## Instructions to follow
Although the data below contains pictures, output only the lines between those holding "mac android studio emulator black screen" and "Makeup, Lashes & Brows Comm for Aerin", inclusive, exactly and without those pictures.

Source data:
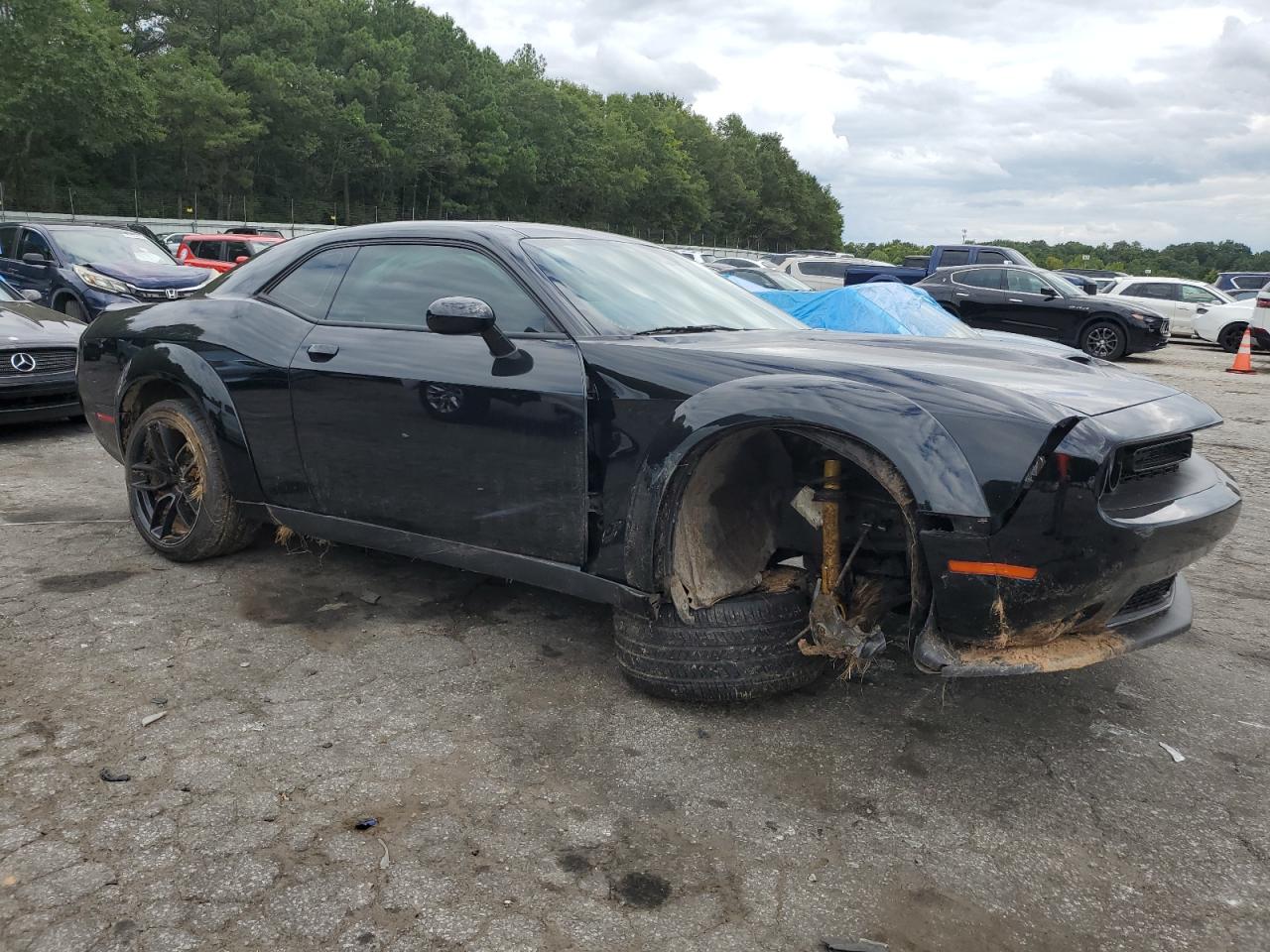 2023 DODGE CHALLENGER R/T VIN:2C3CDZBT1PH621173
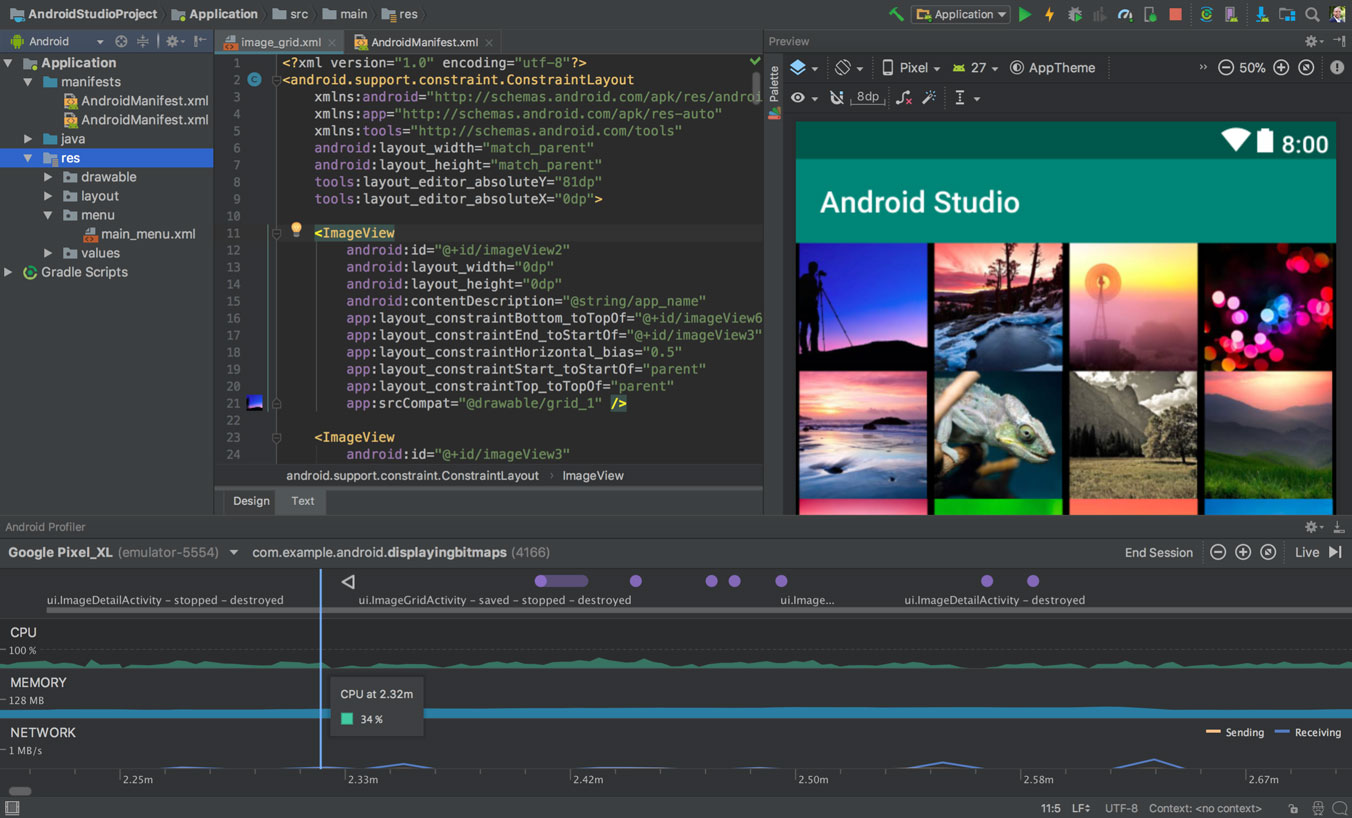 mac android studio emulator black screen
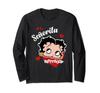 Футболка с длинным рукавом Betty Boop Senorita Hearts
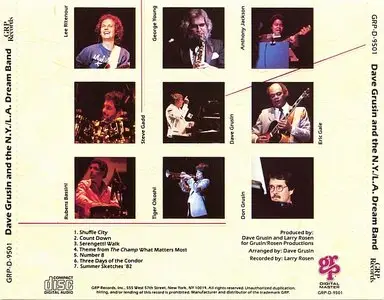 Dave Grusin - And The NY-LA Dream Band (1984) {GRP 9501}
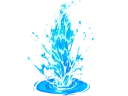 Sticker | Hydro Geyser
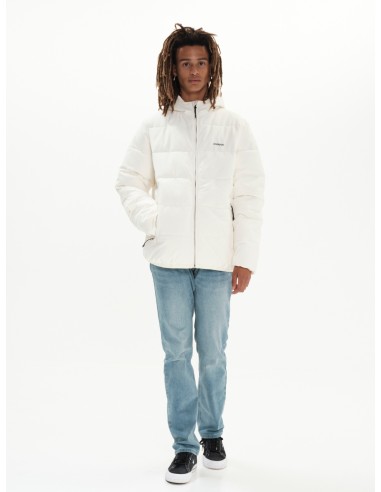 Emerson Ανδρικό BOMBER Μπουφάν OFF WHITE - 222.EM10.145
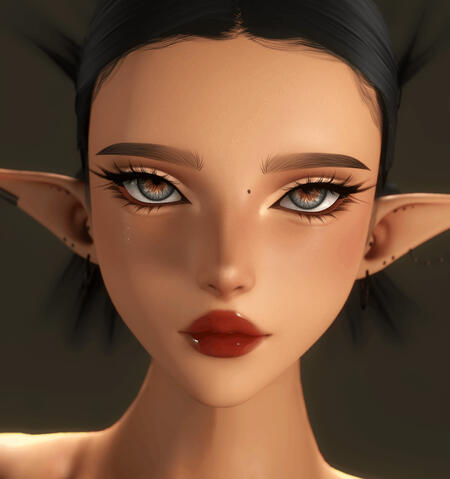 Makeup, Lashes & Brows Comm for Aerin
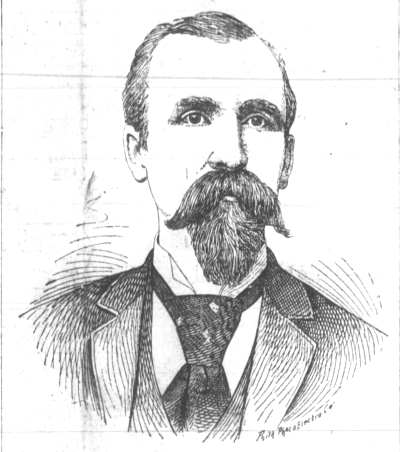 Portrait of Mayor John Leighton Westcott, circa 1906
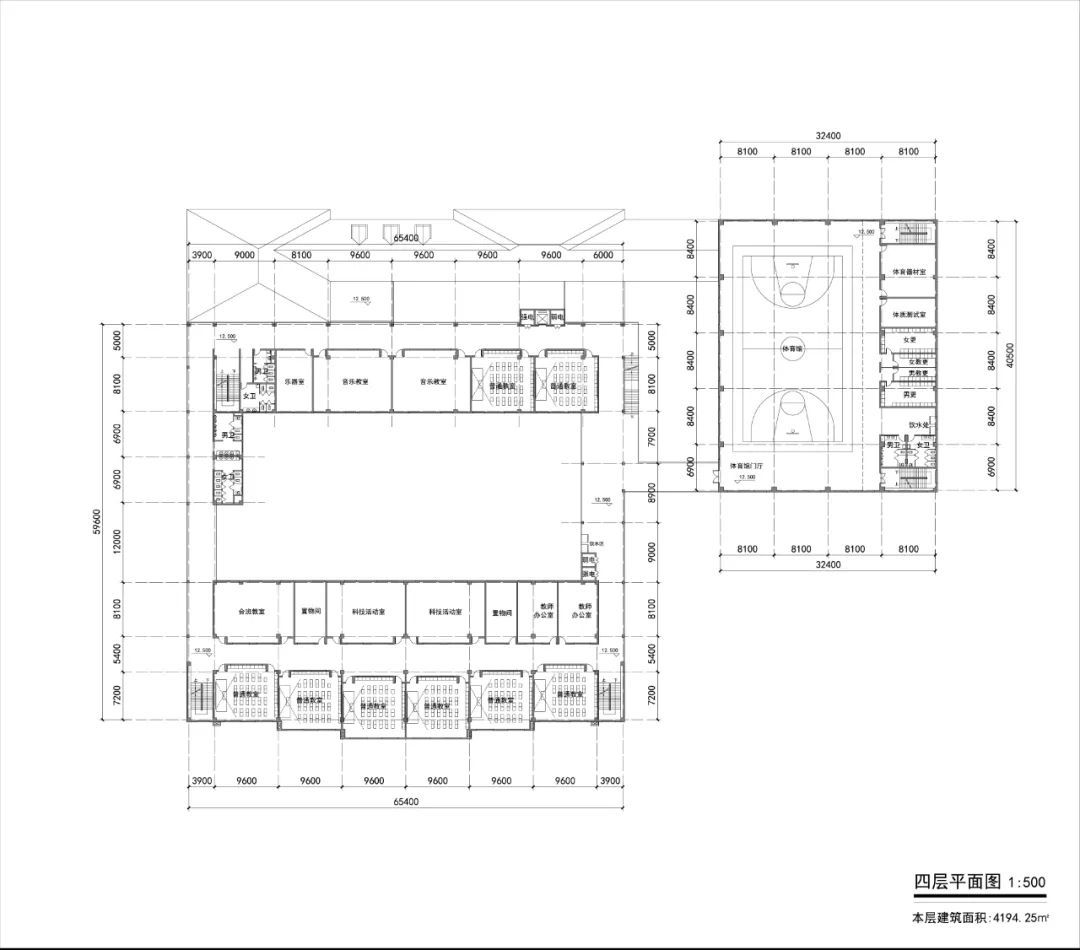 嘉定區(qū)南翔鎮(zhèn)寶翔路學(xué)校開建!25個班級(圖4) 嘉定區(qū)南翔鎮(zhèn)寶翔路學(xué)校開建!25個班級(圖4)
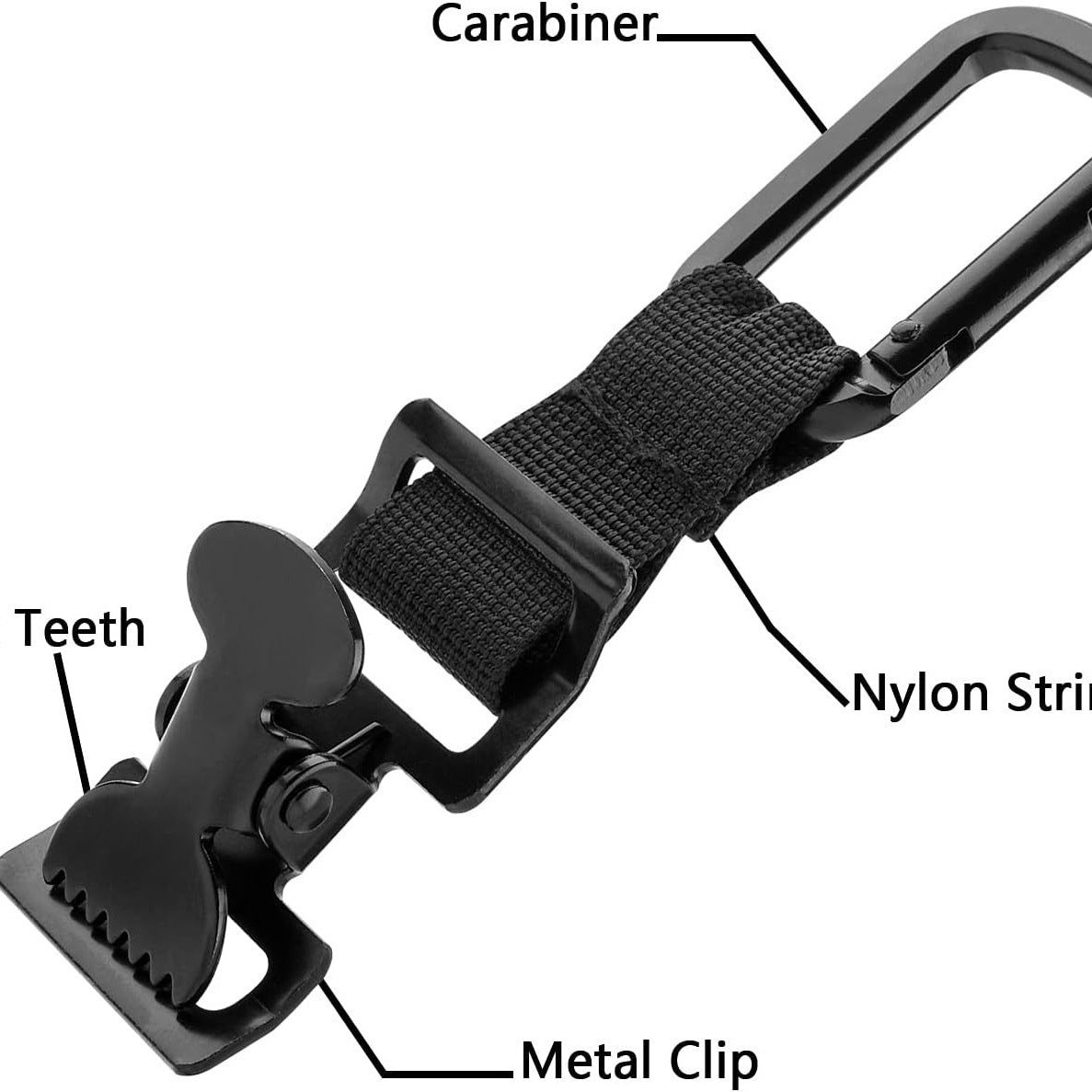 Square Buckle Single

## Solution for this task
 mac android studio emulator black screen
 Футболка с длинным рукавом Betty Boop Senorita Hearts
 Dave Grusin - And The NY-LA Dream Band (1984) {GRP 9501}
 Sticker | Hydro Geyser
 Emerson Ανδρικό BOMBER Μπουφάν OFF WHITE - 222.EM10.145
 Makeup, Lashes & Brows Comm for Aerin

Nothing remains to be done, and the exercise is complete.